Plus récemment, ceux qui ont besoin de s’affirmer supérieurs parce que différents, ont décidé de se raccrocher à l’identité culturelle. L’identité, constituée pour les psy de la perception de soi, du concept de soi et du sentiment de soi, est en construction permanente pour chaque individu. Quel sens ce mot peut-il avoir s’il prétend enfermer toute une population ou même un seul groupe ? L’identité culturelle serait ce qui est commun aux membres d’un groupe et les pousse à affronter les autres groupes. Le plus souvent c’est le territoire qui rassemble, d’où les guerres entre tribus, villages, provinces, pays, confédérations… La religion favorise aussi ces enfermements et affrontements, surtout quand elle devient visible par des signes extérieurs… On peut citer encore les groupes sociaux, sportifs… puisque ce qui nous distingue est infini.

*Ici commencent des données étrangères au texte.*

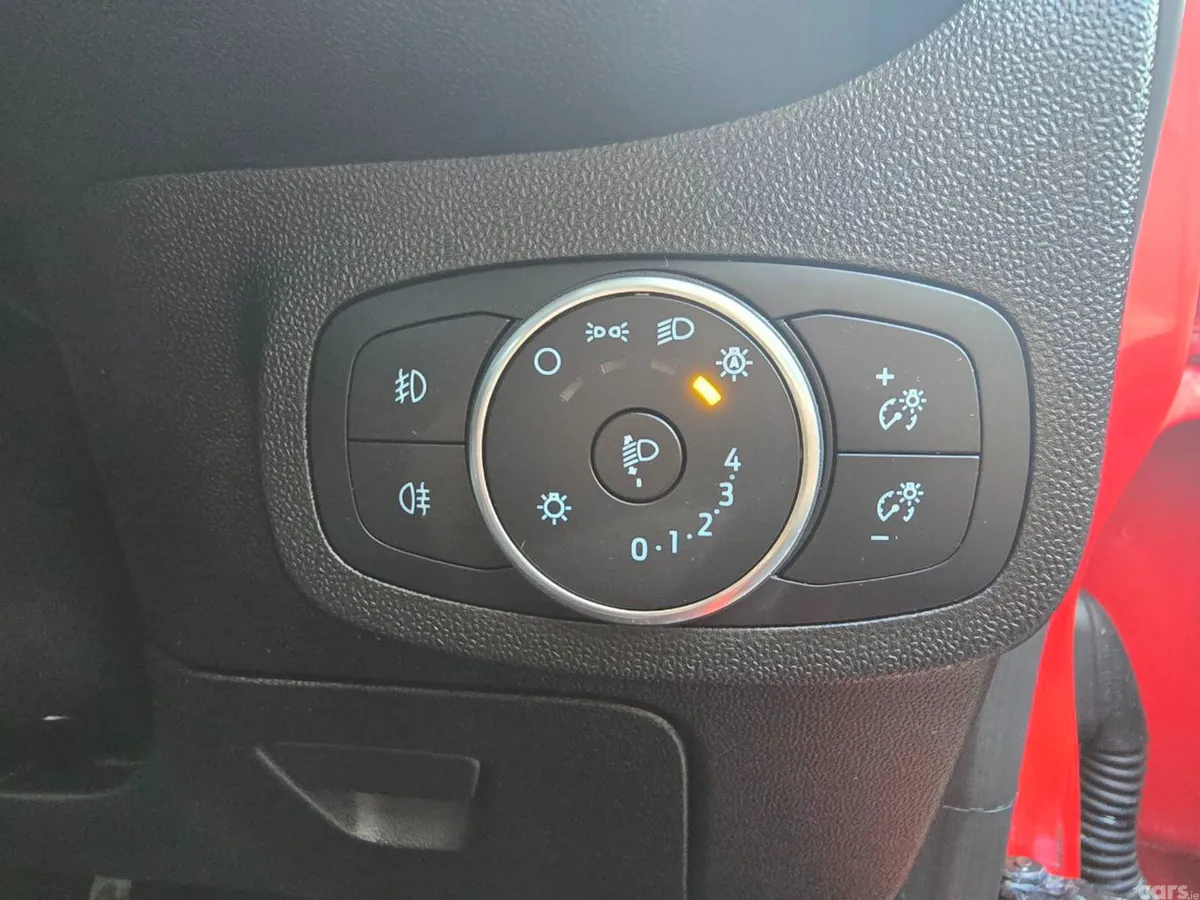 Ford Fiesta Hatchback, Petrol, 2018, Red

Il y a trente ans, alors que quelques électeurs de la commune de Yolet (15) attendaient un candidat aux élections cantonales venant de la vallée voisine, j’ai entendu : « les gens de la vallée de la Jordanne sont différents de nous ». Ils étaient tous agriculteurs depuis des générations à quelques kilomètres de distance, souvent apparentés, parlant le même patois, subissant le même climat sur le même sol volcanique !
Il y a dix ans, alors que j’habitais la Réunion, j’avais parmi mes amis Luçay Permalnaïk, un « Malbar » qui me disait souvent : « vous, les métropolitains, vous êtes différents ». Nous avons décidé de définir nos différences. Quand son ancêtre venait d’Inde pour travailler la canne à sucre comme engagé, le mien était serf ou métayer en Corrèze. Sa peau était plus sombre, il mangeait des mets plus épicés et… c’est tout ! Instits tous les deux, militants de la Ligue de l’Enseignement et de l’Education Permanente, aimant le sport et la vie associative, progressistes, laïques, … toutes nos valeurs étaient les mêmes.
Si l’on admettait un jour que chaque individu est unique et ne peut être réduit à l’une de ses activités ou caractéristiques. Que les gens de couleur différente, avec ou sans religion, écoutant des musiques variées, appréciant des cuisines dissemblables, nés sous des latitudes plus ou moins éloignées de l’équateur, sont simplement des êtres humains, la vie deviendrait plus belle.
Pour le mouton pressé d’adopter une mode vestimentaire, d’acheter le dernier gadget promu par les commerçants, de répéter le slogan du parti ou le mot prononcé la veille par l’animateur vedette de la télé, il est tellement confortable de s’installer dans l’autobus de l’identité culturelle, de l’ethnie ou de la race, plutôt que de chercher à comprendre ce qu’il est. C’est pourtant le seul vrai chemin de l’Humanité. Celui qui favorise la rencontre avec ceux qui nous ressemblent vraiment.